November 13, 2012 By Erika Zane

13 Nov

I’m so tired of feeling like Shrek.  Argh!

Today, I realized just how often I say the word “no” in some form or another.

I’ve read plenty of gentle parenting suggestions about looking for ways to say yes more often by being creative with words.  I think of myself as someone who’s very creative with words.  Enough so that my parents thought I’d be a lawyer someday.

Maybe that means I’m a little too creative with words? na!

Avoiding the word no, unfortunately, never seems to work around here!  Either I’m not creative enough or Dylan’s too smart.

Maybe a little of both.

I shouldn’t say it never works.  It does occasionally work out, just not as often as I’d like.  Or even enough to go that route most of the time.  But the screaming matches that happen :/ don’t work either.  Or, they work in squashing D’s enthusiasm and making me feel guilty.  I usually get an apology out of the mess, too, but that’s not really what I want.

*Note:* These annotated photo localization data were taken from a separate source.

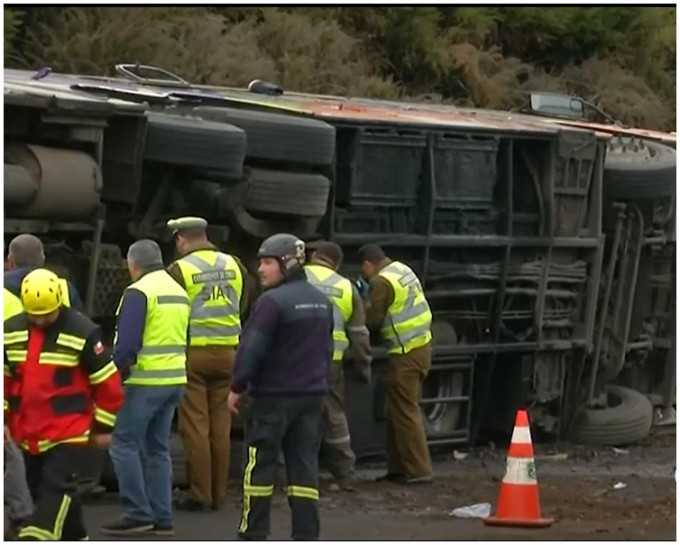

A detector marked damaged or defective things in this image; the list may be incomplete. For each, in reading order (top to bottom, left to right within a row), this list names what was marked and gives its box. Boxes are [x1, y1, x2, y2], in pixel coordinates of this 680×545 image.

overturned bus [3, 66, 676, 486]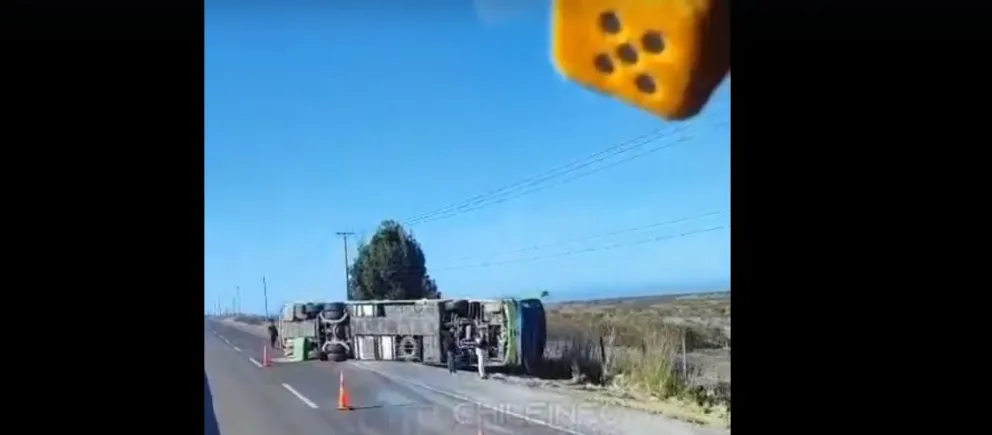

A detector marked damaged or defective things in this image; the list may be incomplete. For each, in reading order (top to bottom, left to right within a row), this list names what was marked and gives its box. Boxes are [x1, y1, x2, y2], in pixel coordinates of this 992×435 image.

overturned bus [276, 300, 548, 374]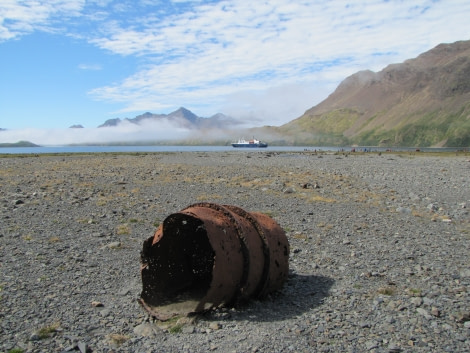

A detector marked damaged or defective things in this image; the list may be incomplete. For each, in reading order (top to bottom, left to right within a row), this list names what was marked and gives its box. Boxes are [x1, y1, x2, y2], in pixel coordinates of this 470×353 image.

rusted barrel [138, 201, 288, 320]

How do I teach him to respect others and he can’t always get his way, without teaching him to blindly listen to me?  There has to be a middle ground but I’m really struggling to find it.

Alexia over at Babies and Bacon helped me to see that age and the addition of a second child both probably play a part with her post today.  Here’s what I know:

  • I’m not the only one in this boat
  • he’s exploring a big world that he feels increasing curiosity about
  • as his communication improves, he’s gaining a greater sense of control
  • he doesn’t understand why there need to be boundaries around things because he doesn’t have enough experiences yet

Deep down I really understand all of these things, but I don’t know how to turn my knowledge into helpful solutions.  I realize that sounded incredibly technical, but I don’t know how else to put it.

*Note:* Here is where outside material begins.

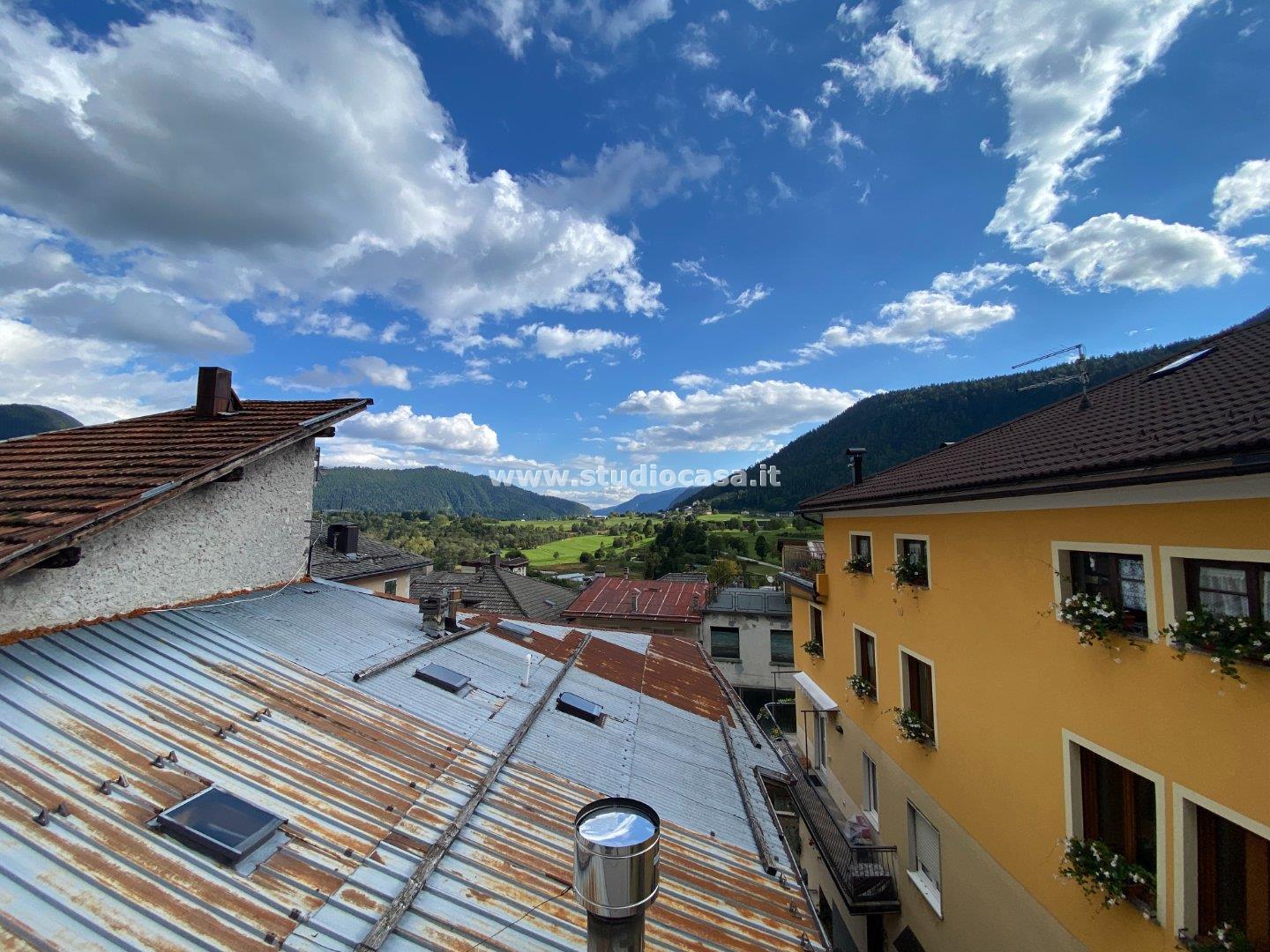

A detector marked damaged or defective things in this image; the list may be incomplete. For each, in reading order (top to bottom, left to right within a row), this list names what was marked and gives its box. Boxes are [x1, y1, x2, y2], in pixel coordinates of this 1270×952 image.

rusty metal roof [0, 398, 368, 578]
rusty metal roof [0, 586, 827, 949]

I want D to trust me and to know that I love the person he’s becoming.  I want him to feel confident that people like him and want him around.  I want him to have the confidence to go after his passions, as I’ve mentioned before.  I want to teach him to question everything and not just do what he’s instructed to do because I believe the ability to think outside the box is the one of the most important skills a person can have to navigate this world.  More than anything, I want to show him what Godly love looks like so that he can become the strong, confident, Christ-like man God intended.

So, from here on out, I’m taking a step back from the Ogre.  I’m going to make a concerted effort to search my heart before reacting to Dylan.  I realize it won’t be as easy as it sounds but, at the very least, I want to focus on fun and love rather than efficiency more from now on.

Yes, I’m of German descent 😉

Children just aren’t efficient and, let’s be honest, that road leads to a cliff… or something like that.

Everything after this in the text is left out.